TASK INSTRUCTIONS:
Once you reach the line containing "SUZUKI JIMNY 3D 4WD XC, miniaturka 6" in the data below, restate each line word for word up to and including the one containing "Р-Рих из мира Рунгард. / Алена Сказочница".

RECORDS FOR THIS EXERCISE:
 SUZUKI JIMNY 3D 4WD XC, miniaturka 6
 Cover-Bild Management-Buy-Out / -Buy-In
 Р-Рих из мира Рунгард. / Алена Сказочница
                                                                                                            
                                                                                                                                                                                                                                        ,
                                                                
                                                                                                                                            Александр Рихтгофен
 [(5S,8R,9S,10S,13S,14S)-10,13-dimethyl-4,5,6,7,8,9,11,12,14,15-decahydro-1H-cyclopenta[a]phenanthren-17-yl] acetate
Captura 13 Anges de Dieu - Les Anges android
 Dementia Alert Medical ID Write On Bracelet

* * *

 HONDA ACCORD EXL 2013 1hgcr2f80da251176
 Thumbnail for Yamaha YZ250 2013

==

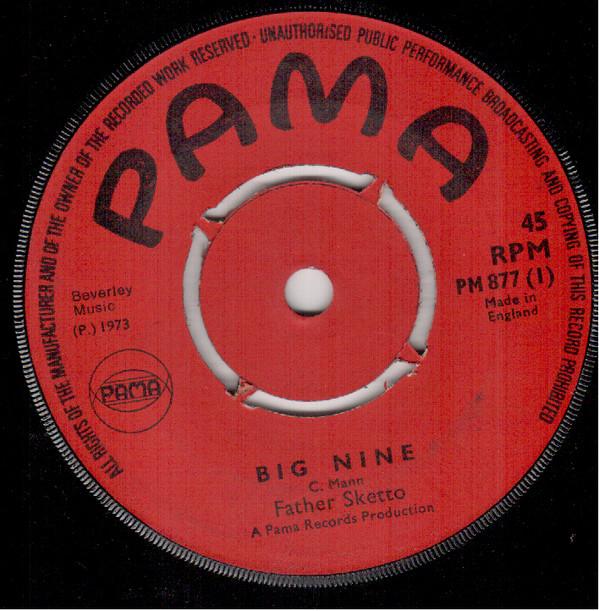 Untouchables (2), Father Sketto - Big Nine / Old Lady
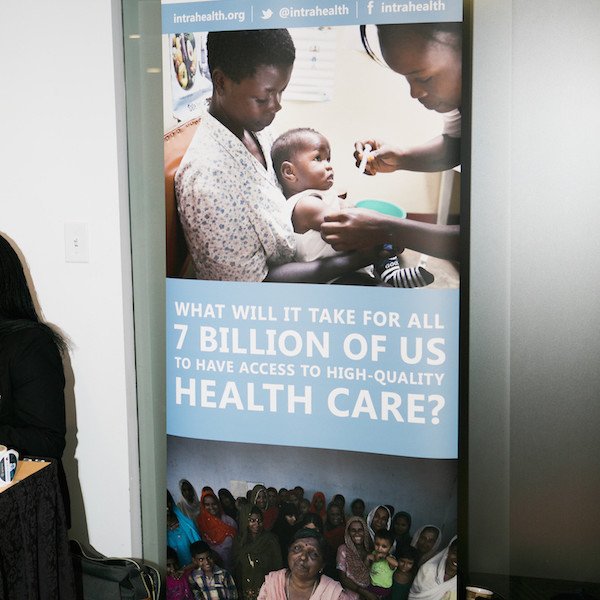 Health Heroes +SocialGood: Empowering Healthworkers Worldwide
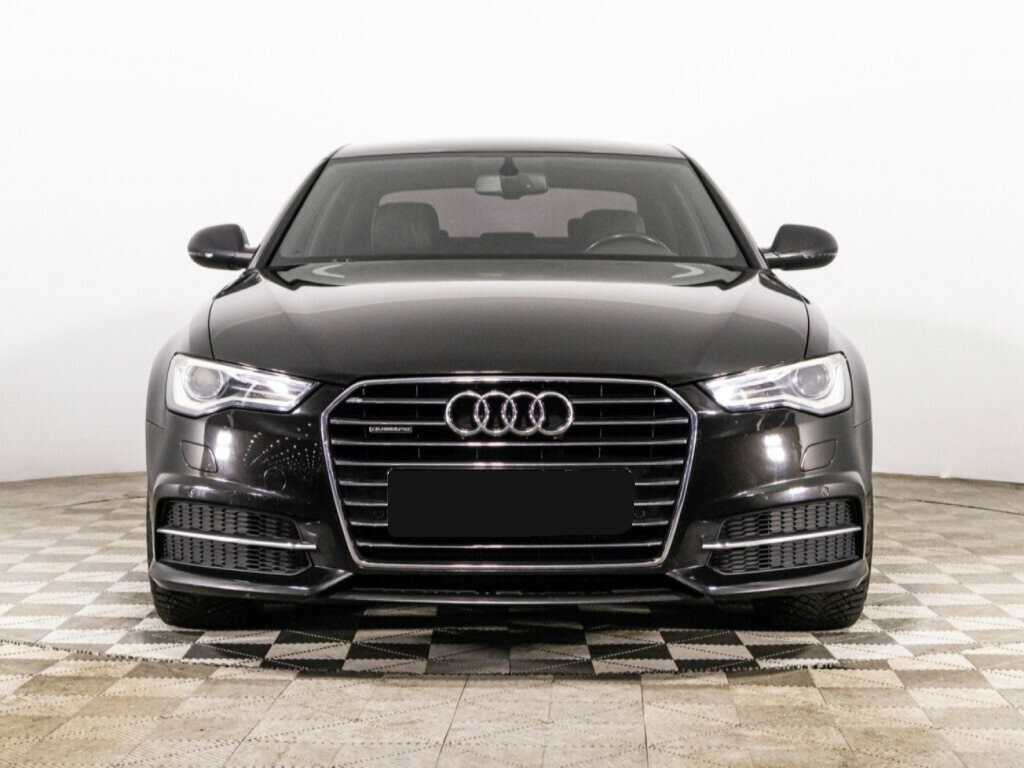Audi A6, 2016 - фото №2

TASK SOLUTION:
 SUZUKI JIMNY 3D 4WD XC, miniaturka 6
 Cover-Bild Management-Buy-Out / -Buy-In
 Р-Рих из мира Рунгард. / Алена Сказочница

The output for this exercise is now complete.